The trustees allege that the City's regulations constitute all four types of taking. We analyze each in turn.
A.
The trustees first argue that the City's regulations mandate a permanent physical invasion of the Property.
A regulation that “requires an owner to suffer a permanent physical invasion of her property” is a taking. Lingle, 544 U.S. at 538, 125 S.Ct. 2074 (citing Loretto, 458 U.S. at 419, 102 S.Ct. 3164). In Loretto, a New York apartment owner challenged a state law which required her to permit a cable television company to install cable facilities on her property. 458 U.S. at 421, 102 S.Ct. 3164. The cable, which was slightly less than one-half inch in diameter, occupied portions of her roof and the side of her building. Id. at 422, 102 S.Ct. 3164. The Supreme Court determined that such a “permanent physical occupation authorized by government is a taking.” Id. at 426, 102 S.Ct. 3164.
This rule is limited to “permanent physical occupations”—that is, regulations that do not “simply take a single ‘strand’ from the ‘bundle’ of property rights,” but rather “chop[ ] through the bundle, taking a slice of every strand.” Id. at 435, 441, 102 S.Ct. 3164. Loretto’s “very narrow” holding did not “question the equally substantial authority upholding a State's broad power to impose appropriate restrictions upon an owner's use of his property.” Id. at 441, 102 S.Ct. 3164.

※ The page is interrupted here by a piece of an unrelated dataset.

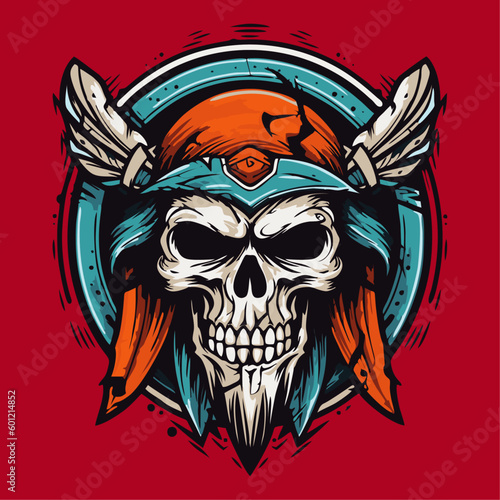 Mystical skull warrior artwork for tshirt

In this case, the district court correctly determined that the regulations at issue do not involve a permanent physical invasion of the Property. The applicable ordinance requires all residential structures in the City to be “serviced by the city water supply system or an approved and functioning deep well,” but do not require the trustees to dedicate to the City either the water lines themselves or the land on which they sit.7 Nor do the trustees point to any regulation obligating the landowners to build any residential structures. Unlike in Loretto, in which the apartment owner was forbidden from interfering with the installation of the cable on her property, here the trustees may prohibit anyone from entering their property by choosing not to build residential structures on their property. See 458 U.S. at 423, 426, 102 S.Ct. 3164. The regulation is thus the type of “appropriate restriction[ ] upon an owner's use of his property” that the Loretto Court did not question. See id. at 441, 102 S.Ct. 3164.
The trustees are not being compelled to tolerate a permanent physical occupation because they are not being compelled to do anything at all. This case is similar to City of Indianola. In that case, this Court held that an ordinance requiring certain vehicles to be enclosed by a fence in all outdoor areas was not a taking under Loretto because “[b]y its own terms, the ordinance does not require [the landowner] to permit either the City or any third party to enter the property and install a fence.” City of Indianola, 650 F.3d at 1098. So long as the landowner “still may choose whether to build the fence or forgo placing more than one vehicle outside, he cannot establish the required compliance necessary for a Loretto claim.” Id. So too here, the trustees still may choose whether to build a structure and comply with the ordinance or forgo building a structure. The trustees argue that this case is distinguishable from City of Indianola because absent compliance here, they “cannot make any use of their Property, other than leaving it vacant and idle.” But the trustees point to no case law in support of this position, and their purported factual distinction is not supported by the record; the trustees may still use the Property as is for recreational purposes, or they could sell it. To the extent the trustees argue that their inability to use the Property without succumbing to the City regulations deprives them of all use of the Property, that argument is resolved in Part II.B, infra.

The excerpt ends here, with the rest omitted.